Awwww... Mom and Dad swan and seven cute little cygnets!! But I wonder what Ruby did when she spotted them. Around here, the swans can be pretty aggressive. I know a young woman who was floating around a lake on an inflatable thing and was attacked by a swan. She didn't realize she had floated too close to the nest. This happened on the eve of her wedding day, no less! She was not badly hurt, but still... kinda scary. 

So, how did Ruby react?


----------



## harrigab (Aug 21, 2011)

very well msW, no charging in after them all though tbh I'd given her a "steady" command as soon as I saw them. She looked at them but held steady I'm glad to say.


----------



## mswhipple (Mar 7, 2011)

You really have a gem in Ruby!! Beauty AND brains!! ;D ;D ;D


----------



## harrigab (Aug 21, 2011)

believe me Mary, she can be a real niggly knickers at times


----------



## Hbomb (Jan 24, 2012)

Niggly knickers! Haven't heard that one before! In what way ?


----------



## harrigab (Aug 21, 2011)

she just doesn't like strange dogs or people getting in her face Alice, and she lets them know it.


----------



## Hbomb (Jan 24, 2012)

I think if I was a dog I would be like Ruby.. nothing winds me up more than getting hugged by people I barely know! personal space can be a good thing


----------



## mswhipple (Mar 7, 2011)

I hear that, Hbomb! I have never been much of a "hugger". I just feel like saying, when a virtual stranger comes at me with outstretched arms, PLEASE DON'T (but of course, I don't). 

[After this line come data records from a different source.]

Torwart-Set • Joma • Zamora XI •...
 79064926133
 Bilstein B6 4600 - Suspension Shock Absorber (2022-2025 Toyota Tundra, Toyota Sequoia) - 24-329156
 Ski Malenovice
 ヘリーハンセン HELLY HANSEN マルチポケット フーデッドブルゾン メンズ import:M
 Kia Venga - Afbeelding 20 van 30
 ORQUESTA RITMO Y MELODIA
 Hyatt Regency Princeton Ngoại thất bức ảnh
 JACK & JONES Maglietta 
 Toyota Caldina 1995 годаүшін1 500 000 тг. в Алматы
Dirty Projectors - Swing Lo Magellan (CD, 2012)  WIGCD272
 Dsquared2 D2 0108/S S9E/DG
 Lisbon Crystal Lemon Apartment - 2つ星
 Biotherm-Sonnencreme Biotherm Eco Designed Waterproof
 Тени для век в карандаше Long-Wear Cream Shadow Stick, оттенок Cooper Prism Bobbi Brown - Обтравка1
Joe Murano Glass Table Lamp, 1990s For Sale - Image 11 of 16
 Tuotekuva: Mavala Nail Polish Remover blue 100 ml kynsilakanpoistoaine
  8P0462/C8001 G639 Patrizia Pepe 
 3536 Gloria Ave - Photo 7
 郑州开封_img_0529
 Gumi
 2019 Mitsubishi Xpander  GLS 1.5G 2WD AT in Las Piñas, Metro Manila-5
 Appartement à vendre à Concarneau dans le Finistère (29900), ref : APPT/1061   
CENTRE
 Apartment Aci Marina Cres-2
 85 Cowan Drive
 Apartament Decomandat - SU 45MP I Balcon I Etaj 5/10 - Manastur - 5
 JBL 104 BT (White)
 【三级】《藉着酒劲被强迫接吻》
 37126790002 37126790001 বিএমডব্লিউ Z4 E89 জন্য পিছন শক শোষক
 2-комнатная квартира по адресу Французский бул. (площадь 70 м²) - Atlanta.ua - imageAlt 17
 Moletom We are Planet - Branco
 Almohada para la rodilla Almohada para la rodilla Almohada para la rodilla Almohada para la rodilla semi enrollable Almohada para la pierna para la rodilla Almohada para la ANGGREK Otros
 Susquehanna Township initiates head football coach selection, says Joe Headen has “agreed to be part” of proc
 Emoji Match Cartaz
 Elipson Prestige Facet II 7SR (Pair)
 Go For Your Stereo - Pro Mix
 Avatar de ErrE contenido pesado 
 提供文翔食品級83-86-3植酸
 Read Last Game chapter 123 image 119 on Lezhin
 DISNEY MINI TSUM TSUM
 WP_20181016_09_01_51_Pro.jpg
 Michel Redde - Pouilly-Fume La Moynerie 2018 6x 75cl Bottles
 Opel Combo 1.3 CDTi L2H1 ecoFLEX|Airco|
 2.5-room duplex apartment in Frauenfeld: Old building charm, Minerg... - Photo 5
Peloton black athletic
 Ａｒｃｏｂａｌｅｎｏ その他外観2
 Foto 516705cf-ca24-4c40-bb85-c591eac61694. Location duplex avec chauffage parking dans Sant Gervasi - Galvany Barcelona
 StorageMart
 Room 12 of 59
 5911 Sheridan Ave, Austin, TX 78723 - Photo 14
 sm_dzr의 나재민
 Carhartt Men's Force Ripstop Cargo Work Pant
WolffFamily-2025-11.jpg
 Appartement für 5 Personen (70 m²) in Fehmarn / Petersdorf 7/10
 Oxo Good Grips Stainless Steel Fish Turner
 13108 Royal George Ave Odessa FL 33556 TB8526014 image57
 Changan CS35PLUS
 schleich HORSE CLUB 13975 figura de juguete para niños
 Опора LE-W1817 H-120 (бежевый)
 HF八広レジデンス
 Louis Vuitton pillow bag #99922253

I guess that's one of the things I love about dogs. They are pretty honest about how they feel!


----------



## SteelCityDozer (Aug 25, 2011)

Harri, our Dozer us the same exact way. That's how he got attacked, bec his warning to get out if his face was taken as a challenge. And when his cousin (a weim) visits they are fine around each other but Dozer will NOT look at him directly. Always points his face away.


----------



## redrover (Mar 17, 2011)

Wow! How fun. I've never seen such little swanlings so close before!

That reminds me...Jasper saw his first deer today when we were out. It was about 5, 5:15 when he spotted it. It was on the other side of the fence. He stared after it for a good five minutes. Not sure what he would have done if he could have chased it (he'll stop if I tell him, so not too worried about him running off after something). He's known to back down willingly if the other animal stands its ground, so I imagine if the deer ever just refused to run, he wouldn't chase. 

Sometimes on our runs we come across geese. Since we aren't terribly far from their nests, they're pretty displeased with him running around. They puff up and stand their ground--and he decides he'd rather be on the other side of me! My hero.


----------



## datacan (May 15, 2011)

I don't have a picture but Sam missed noticing a rabbit today (ten feet away)... he spotted a female dog, instead :-[ 



 think it's photoshop...


----------